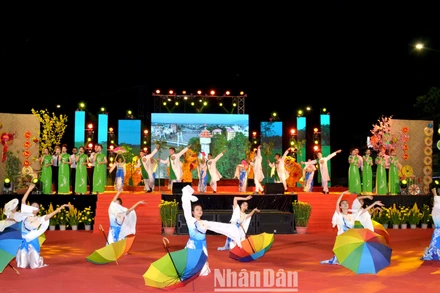 Biểu diễn chương trình nghệ thuật “Mừng Đảng-Mừng Xuân Quý Mão 2023” tại Quảng trường Nguyễn Tất Thành.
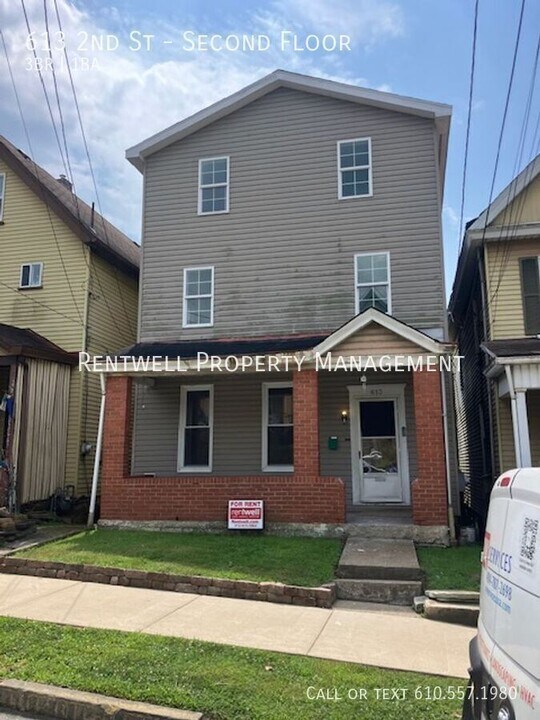 613 2nd St in Pitcairn, PA - Building Photo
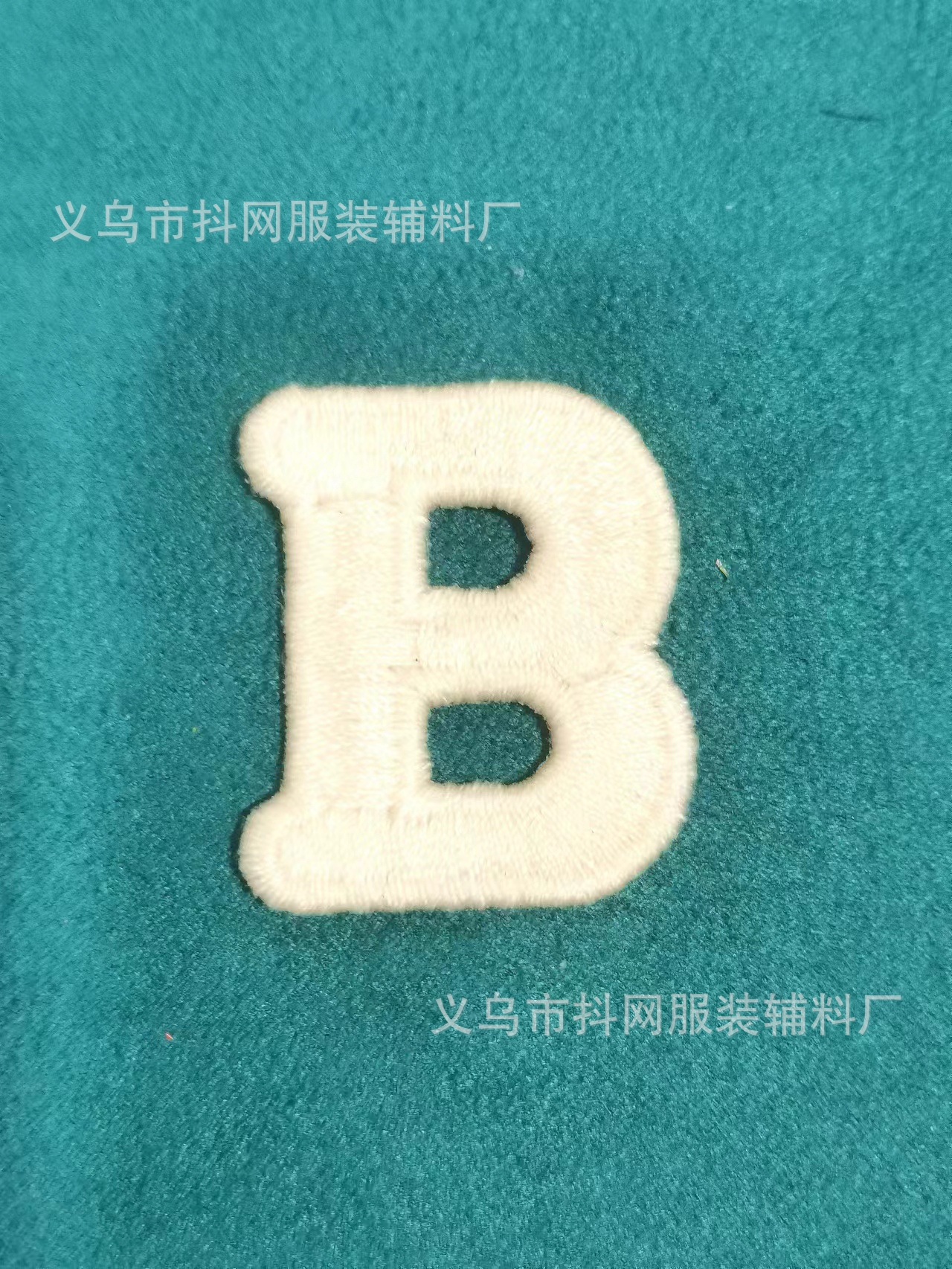 英文字母帽子绣标补贴衣服标志logo高级刺绣布贴可缝大号缝制补丁详情9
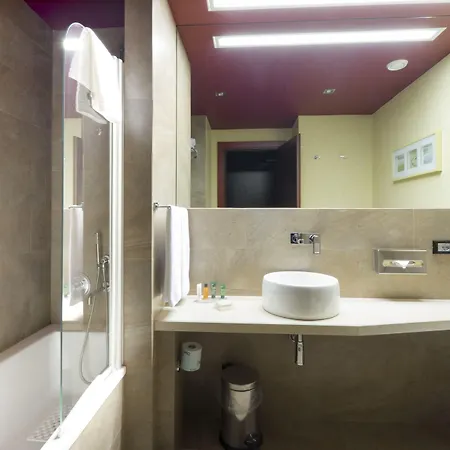 Hilton Garden 4*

++++

→ **Exercise objective**:
Take the lines from the one holding "英文字母帽子绣标补贴衣服标志logo高级刺绣布贴可缝大号缝制补丁详情9" through the last line of the data above and copy them exactly, both ends included, omitting all pictures.

→ **Reply**:
 英文字母帽子绣标补贴衣服标志logo高级刺绣布贴可缝大号缝制补丁详情9
 Hilton Garden 4*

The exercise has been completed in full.